HistoryGraph removes the power of servers by allowing end users to encrypt all communications end to end.

Ease of programming

HistoryGraph makes it possible to write programs without having to write complex Rest APIs or manual data synchronisation management. The program can create a document collection, share it with the user's friends and colleagues and start adding documents to it. The HistoryGraph software will do all the synchronistation automatiocally.

Offline Working

Because we already have a copy of the data, we can still work on it even if the internet is not working. When it comes back on line our document collection will automatically sync with the others.

Performance

When we query our data because it is local the latency is zero. No waiting around for an answer.

Scalability

Because all substantive computations are carried out on the users computer you don't need to write software for servers, ssyadmin servers and worry about providing enough infrastructure to handle large numbers of users.

How does this work?

A user (Abigail) creates a document. At first this will be an empty document, Abigail then adds her own data to this document. This document can be represented as a HistoryGraph (eg a set of changes applied in sequence) . Abigail then sends this set of edges to her friend Bertrand, all of our users already have each other's public keys so this is encrypted end to end.

Abigail continues to work on her document and Bertrand works on the document he just received. After a while both have done work and wish to share back with each other. They both send each other all of the edges they have created. Because Edges can only ever be added to a HistoryGraph both Abigail and Bertrand will now have the same set of edges.

But both of them will have HistoryGraphs with multiple end nodes, but they solve this by creating a Merge edges to merge these two ending together. Merge edges don't change data themselves so both users will create the same merge edges.

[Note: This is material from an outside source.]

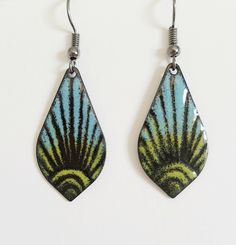 "These copper enameled earrings are done in shades of saphire blue and chartreuse over black. A sun burst pattern is etched into the enamel before firing. They are a 1 \" long drop shaped copper. These earrings are custom made with each order and I hand fired with a torch. Because they are hand made each time the end result can vary slightly. These earrings can be custom made to order - just send me an email with the colors you would like and what kind or earwire - copper, gunmetal or surgical s Retro Blue Drop Earrings Jewelry, Multicolor Enamel Jewelry With Ear Wire, Retro Green Enamel Jewelry, Artistic Black Enamel Jewelry, Green Teardrop Enamel Jewelry, Nickel-free Enamel Retro Jewelry, Blue And Chartreuse, Beachy Earrings, Sun Burst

They then both replay the HistoryGraph and end up with the same set of Documents and DocumentObjects that the other has and with both users changes merged in together. The Documents and DocumentObjects are gaurantee to be the same in this case because all data is stored as CRDTs.

What is it?

The proof of concept (https://github.com/mlockett42/historygraph-poc) program is written in Python. The Proof of Concept demonstrates the kinds of programs that could be built with HistoryGraph. Using HistoryGraph is very similar to programming using an ORM. There is also a separate HistoryGraph library that the proof of concept uses to perform the synchronisation.

HistoryGraph data structure

A HistoryGraph is a connected, directed acyclic hypergraph of data changes. It can also be said that a HistoryGraph is a partially ordered set of data changes (a blockchain is a totally ordered set of data changes). In a HistoryGraph a data change is an edge which will have 1 previous edges. In a blockchain each data changes is a block which can have only one previous block. Excepting the first edge or block of course. In HistoryGraph an edge with two previous nodes is called a merge edge, it doesn't actually ever contain a data change of it's own.

Graphically

In the above example, Abigail sets the value of I to 5 then sends her copy of the historygraph to Bertrand. Abigail then changes the value of I to 6 and Bertrand changes the value of I to 7. They then both exchange their full set of edges. When they both have a copy of each others edges they will automatically create a merge edge and compute the final value. The final value of I is 7 in this case. This is because the I=6 and I=7 edges conflict but the higher number wins the conflict resolution in IntRegister data types.

Because CRDTs never conflict graphs like the above can grow to arbitrarily large size and complexity and still converge correctly to the same value. A more complex HistoryGraph might look something like:

In the above example i is an IntRegister and j is an IntCounter. The value of i settles towards 8 because amoungst the conflicting edges the I=8 edge wins. The value of j settles towards 3 because counter edges can never conflict.

HistoryGraphs and Git

If you have ever studied the Git source code control software HistoryGraph should seem familar. The advantage of HistoryGraph being that because all datatypes are conflict free all merges can be performed automatically. Git Commits being equivalent to HistoryGraph Edges.

However HistoryGraph does lack some features Git has commit comments, branchs and tags. Equivalents to these could be added in future releases.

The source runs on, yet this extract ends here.